A conservative think tank will host a forum next month on carbon tax proposals — and this time it’s on the record.
The American Enterprise Institute is the venue for the Nov. 13 event on the economics of carbon taxes, which AEI is hosting with two other think tanks, the Brookings Institution and Resources for the Future, and the International Monetary Fund.
Gilbert E. Metcalf, the Treasury Department’s deputy assistant secretary for environment and energy, is scheduled to deliver the keynote address.
AEI in July drew fire from the right for hosting closed-door discussions about carbon taxes with a group of advocates and policy wonks, and November’s conference could prompt fresh criticism. A few of the carbon tax experts who participated in the closed-door panels will speak at the November event.
However, the forum is separate from the series of private discussions about a carbon tax that have taken place over the last couple years between an ad-hoc, left-right group.
Planning was also under way before the July closed-door meeting that became controversial in conservative circles.
AEI economist Aparna Mathur told Greenwire that the event is not evidence that AEI supports a carbon tax. “This is an academic meeting,” she said in a story published Friday.
Carbon tax advocates call it a simpler, more efficient way to address greenhouse gas emissions than cap-and-trade proposals that collapsed on Capitol Hill in 2010.
Some backers also see a source of revenues to battle the deficit.
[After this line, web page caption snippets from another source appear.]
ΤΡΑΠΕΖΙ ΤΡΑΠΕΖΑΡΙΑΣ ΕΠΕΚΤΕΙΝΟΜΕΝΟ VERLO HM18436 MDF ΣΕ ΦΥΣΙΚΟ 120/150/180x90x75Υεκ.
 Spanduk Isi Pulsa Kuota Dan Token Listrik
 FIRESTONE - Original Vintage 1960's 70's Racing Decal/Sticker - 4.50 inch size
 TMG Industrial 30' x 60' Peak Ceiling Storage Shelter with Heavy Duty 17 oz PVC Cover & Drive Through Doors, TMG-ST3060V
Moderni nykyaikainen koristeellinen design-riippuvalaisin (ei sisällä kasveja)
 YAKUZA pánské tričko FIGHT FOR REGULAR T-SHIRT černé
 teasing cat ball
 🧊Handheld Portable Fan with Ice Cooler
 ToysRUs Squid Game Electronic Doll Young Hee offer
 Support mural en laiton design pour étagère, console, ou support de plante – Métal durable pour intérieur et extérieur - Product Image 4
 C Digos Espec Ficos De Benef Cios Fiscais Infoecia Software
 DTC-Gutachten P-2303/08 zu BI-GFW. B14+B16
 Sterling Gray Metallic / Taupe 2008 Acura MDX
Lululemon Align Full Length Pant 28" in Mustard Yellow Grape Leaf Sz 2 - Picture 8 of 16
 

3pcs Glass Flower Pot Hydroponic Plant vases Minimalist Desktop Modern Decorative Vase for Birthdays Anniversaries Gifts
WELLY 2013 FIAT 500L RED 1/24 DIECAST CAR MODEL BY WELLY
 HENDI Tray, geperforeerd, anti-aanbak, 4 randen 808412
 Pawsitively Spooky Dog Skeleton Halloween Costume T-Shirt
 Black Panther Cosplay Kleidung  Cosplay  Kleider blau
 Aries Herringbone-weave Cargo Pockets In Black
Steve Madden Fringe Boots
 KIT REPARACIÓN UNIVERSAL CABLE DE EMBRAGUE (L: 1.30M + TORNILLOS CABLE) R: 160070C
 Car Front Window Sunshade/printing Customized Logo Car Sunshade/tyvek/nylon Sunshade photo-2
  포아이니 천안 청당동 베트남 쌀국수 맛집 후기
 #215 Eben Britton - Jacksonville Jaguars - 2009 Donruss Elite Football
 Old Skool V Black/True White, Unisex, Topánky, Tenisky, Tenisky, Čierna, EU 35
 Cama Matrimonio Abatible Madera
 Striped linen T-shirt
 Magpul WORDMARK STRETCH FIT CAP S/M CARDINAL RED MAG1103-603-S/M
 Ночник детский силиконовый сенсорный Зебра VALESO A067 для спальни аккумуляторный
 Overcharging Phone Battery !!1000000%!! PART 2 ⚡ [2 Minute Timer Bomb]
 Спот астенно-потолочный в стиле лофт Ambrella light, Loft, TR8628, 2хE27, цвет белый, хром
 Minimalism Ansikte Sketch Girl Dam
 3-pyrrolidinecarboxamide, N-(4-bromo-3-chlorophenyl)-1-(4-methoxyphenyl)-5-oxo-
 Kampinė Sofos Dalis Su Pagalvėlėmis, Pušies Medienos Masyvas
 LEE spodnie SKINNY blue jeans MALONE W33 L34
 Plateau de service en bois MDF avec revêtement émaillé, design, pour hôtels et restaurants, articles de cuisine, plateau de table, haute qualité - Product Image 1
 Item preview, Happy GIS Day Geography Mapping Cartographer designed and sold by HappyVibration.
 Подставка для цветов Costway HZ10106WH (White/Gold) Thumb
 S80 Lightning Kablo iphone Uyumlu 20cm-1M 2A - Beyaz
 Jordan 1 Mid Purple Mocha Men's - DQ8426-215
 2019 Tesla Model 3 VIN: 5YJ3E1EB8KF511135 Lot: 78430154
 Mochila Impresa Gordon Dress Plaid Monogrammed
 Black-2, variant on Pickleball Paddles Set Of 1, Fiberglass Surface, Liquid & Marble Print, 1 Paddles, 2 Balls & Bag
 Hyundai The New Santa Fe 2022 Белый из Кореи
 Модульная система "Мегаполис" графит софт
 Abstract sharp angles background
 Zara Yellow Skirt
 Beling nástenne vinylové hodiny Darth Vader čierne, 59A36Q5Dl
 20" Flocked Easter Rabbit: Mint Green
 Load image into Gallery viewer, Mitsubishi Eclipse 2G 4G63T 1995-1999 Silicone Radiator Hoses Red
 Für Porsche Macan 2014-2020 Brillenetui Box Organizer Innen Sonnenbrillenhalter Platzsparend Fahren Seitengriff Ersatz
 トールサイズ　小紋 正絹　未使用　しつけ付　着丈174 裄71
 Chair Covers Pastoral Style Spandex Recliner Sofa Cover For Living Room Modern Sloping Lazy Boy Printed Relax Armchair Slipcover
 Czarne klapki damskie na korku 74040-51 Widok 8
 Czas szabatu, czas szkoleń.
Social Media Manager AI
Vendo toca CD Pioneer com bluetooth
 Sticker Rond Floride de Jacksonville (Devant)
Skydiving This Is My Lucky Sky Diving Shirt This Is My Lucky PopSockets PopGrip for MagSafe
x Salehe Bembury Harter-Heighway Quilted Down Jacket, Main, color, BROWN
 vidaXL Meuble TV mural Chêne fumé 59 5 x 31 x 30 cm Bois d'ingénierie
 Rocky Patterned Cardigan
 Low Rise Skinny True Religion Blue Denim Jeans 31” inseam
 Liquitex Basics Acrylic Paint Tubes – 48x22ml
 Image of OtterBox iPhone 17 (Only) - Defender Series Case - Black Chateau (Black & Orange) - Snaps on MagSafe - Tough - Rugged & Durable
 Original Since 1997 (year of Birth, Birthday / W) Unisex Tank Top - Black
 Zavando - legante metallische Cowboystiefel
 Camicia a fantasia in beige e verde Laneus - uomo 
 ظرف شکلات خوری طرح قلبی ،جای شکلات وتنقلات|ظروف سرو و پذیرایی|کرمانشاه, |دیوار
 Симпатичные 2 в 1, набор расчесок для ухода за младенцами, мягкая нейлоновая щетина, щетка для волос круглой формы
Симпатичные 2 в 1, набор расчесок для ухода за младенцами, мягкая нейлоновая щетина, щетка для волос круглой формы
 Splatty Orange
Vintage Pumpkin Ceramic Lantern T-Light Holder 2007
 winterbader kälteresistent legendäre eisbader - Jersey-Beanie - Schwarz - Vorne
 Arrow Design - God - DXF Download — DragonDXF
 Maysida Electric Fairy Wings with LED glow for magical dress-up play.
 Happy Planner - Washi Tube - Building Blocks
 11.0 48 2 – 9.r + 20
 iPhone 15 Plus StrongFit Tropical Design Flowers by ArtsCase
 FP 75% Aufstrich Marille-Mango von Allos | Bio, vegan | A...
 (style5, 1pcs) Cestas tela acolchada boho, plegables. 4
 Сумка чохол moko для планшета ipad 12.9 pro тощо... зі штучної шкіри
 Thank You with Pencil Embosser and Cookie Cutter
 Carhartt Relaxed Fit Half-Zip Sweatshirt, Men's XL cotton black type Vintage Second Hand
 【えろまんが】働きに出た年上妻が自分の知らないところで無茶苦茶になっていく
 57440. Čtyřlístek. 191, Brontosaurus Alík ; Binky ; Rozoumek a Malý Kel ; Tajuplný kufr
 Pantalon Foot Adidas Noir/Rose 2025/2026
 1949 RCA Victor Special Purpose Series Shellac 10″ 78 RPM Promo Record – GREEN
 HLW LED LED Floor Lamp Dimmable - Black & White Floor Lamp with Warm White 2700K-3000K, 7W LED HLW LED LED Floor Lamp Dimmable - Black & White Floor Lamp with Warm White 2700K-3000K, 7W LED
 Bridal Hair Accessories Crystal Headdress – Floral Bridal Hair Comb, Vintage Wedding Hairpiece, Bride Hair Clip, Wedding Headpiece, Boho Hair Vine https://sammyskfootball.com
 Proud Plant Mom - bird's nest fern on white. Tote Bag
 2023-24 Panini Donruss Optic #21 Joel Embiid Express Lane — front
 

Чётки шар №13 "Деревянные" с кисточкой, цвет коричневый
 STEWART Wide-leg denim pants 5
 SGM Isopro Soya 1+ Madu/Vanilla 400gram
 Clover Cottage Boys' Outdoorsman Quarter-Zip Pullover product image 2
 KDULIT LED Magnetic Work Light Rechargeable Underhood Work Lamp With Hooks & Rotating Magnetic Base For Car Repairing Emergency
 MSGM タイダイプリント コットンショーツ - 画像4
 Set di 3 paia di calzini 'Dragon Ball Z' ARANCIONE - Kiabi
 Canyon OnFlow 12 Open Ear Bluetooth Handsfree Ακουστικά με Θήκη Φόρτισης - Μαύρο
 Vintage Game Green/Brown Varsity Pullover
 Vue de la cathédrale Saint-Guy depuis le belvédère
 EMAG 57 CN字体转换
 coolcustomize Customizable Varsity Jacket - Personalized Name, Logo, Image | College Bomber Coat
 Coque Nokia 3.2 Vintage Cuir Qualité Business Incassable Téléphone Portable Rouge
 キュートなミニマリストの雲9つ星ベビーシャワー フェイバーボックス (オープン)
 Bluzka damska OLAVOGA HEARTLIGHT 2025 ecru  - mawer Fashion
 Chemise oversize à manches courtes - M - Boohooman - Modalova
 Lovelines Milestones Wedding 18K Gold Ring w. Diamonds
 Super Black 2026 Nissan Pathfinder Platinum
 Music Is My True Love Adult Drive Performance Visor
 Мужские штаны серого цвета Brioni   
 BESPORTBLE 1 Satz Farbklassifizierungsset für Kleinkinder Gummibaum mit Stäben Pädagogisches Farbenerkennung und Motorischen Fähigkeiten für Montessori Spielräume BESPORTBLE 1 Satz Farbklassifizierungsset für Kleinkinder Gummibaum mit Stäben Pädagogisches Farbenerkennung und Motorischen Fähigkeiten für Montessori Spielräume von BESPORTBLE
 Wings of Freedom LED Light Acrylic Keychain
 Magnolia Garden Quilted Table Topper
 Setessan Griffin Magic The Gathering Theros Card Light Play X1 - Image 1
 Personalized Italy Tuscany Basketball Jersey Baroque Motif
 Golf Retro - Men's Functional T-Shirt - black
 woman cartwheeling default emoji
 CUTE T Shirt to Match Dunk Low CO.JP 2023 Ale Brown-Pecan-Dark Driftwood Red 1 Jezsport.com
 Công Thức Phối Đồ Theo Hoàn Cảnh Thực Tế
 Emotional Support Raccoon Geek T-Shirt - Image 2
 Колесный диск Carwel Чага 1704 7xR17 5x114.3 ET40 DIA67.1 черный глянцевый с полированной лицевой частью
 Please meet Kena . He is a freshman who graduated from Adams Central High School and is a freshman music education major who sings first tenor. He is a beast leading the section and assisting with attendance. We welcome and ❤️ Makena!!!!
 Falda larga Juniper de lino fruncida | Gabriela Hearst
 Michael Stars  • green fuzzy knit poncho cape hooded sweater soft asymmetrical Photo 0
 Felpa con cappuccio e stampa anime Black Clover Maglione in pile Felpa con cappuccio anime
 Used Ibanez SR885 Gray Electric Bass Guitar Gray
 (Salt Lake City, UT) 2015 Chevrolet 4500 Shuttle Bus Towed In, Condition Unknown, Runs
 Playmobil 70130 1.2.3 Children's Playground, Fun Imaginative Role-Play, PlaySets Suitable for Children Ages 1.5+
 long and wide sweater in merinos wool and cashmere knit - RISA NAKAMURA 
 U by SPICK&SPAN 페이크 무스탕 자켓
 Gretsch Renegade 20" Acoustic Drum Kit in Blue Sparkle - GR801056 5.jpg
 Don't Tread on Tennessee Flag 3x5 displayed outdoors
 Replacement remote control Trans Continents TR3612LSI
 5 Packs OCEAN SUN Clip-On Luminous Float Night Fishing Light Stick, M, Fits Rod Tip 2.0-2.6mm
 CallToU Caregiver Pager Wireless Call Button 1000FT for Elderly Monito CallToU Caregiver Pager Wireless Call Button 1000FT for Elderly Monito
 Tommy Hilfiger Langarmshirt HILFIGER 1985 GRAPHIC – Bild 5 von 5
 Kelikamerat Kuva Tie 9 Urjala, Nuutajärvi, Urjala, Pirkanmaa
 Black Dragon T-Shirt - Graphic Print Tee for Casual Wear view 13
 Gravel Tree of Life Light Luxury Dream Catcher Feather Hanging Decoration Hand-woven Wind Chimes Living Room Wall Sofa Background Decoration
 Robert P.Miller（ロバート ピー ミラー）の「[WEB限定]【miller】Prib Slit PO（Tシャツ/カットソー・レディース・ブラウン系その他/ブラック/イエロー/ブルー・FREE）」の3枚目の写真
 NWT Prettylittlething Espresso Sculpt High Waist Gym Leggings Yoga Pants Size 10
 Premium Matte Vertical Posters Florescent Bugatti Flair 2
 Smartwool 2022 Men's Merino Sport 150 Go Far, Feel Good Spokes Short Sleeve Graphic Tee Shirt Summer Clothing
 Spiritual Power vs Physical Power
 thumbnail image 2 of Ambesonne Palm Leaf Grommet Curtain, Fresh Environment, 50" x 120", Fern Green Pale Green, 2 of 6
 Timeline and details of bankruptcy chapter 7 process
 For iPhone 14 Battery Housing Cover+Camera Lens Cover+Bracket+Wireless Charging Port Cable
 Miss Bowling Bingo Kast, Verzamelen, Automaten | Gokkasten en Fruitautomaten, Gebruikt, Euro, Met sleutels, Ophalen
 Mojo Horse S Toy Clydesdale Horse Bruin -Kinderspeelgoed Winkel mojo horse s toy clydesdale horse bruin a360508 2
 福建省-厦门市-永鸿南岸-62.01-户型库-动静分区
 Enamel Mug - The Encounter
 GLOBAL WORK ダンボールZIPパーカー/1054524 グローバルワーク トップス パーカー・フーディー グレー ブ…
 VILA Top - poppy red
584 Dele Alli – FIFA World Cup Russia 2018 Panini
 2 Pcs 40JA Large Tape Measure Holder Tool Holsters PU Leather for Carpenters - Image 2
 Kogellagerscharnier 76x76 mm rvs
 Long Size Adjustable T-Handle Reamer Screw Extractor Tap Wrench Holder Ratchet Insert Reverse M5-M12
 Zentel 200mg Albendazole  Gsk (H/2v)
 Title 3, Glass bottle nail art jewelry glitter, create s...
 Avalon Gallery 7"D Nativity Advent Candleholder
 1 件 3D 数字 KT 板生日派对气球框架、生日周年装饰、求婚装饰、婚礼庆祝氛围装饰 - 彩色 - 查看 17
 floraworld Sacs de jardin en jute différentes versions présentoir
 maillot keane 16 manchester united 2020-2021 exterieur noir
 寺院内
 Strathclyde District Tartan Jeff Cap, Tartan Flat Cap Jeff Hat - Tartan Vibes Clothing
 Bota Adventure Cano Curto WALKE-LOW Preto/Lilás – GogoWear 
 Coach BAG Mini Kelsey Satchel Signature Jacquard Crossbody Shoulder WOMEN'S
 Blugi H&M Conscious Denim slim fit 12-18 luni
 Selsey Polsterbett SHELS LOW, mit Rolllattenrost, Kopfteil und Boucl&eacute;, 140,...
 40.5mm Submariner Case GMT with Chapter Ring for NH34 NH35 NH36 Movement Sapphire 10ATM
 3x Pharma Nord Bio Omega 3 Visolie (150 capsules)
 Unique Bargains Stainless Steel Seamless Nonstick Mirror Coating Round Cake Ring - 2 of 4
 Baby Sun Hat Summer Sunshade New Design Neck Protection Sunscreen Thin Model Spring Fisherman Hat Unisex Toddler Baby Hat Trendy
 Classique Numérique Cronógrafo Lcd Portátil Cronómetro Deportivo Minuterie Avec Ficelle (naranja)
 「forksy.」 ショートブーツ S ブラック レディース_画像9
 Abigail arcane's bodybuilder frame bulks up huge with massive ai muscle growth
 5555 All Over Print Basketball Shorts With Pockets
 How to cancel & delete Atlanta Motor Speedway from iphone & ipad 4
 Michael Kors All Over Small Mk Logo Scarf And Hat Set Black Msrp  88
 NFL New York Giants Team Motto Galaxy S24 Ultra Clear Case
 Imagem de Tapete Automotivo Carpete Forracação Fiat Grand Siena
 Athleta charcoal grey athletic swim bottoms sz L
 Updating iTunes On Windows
Other ideas include using the tax revenue to enable reductions in other tax rates or aid energy consumers who would face higher prices.
Participants at the daylong November conference include Joseph Aldy, a White House energy aide in 2009 and 2010 who is now at Harvard University, and Richard Newell, who was administrator of the federal Energy Information Administration in 2009-2011.
Others include Brookings expert Adele Morris, Ian Parry of the International Monetary Fund and others.
“The pros and cons of introducing a carbon tax in the US are the topic of many spirited debates, yet discussion of the consequences from alternative tax designs remains largely confined to academia,” AEI’s website states.
“In an effort to shed more light on this topic and its budgetary impact, AEI, the Climate and Energy Economics Project at the Brookings Institution, the International Monetary Fund, and Resources for the Future are cohosting a conference to discuss ideas for U.S. carbon tax design and options for the potential use of carbon tax revenues,” the event listing says.
— This story was updated at 4:03 p.m. and 4:18 p.m.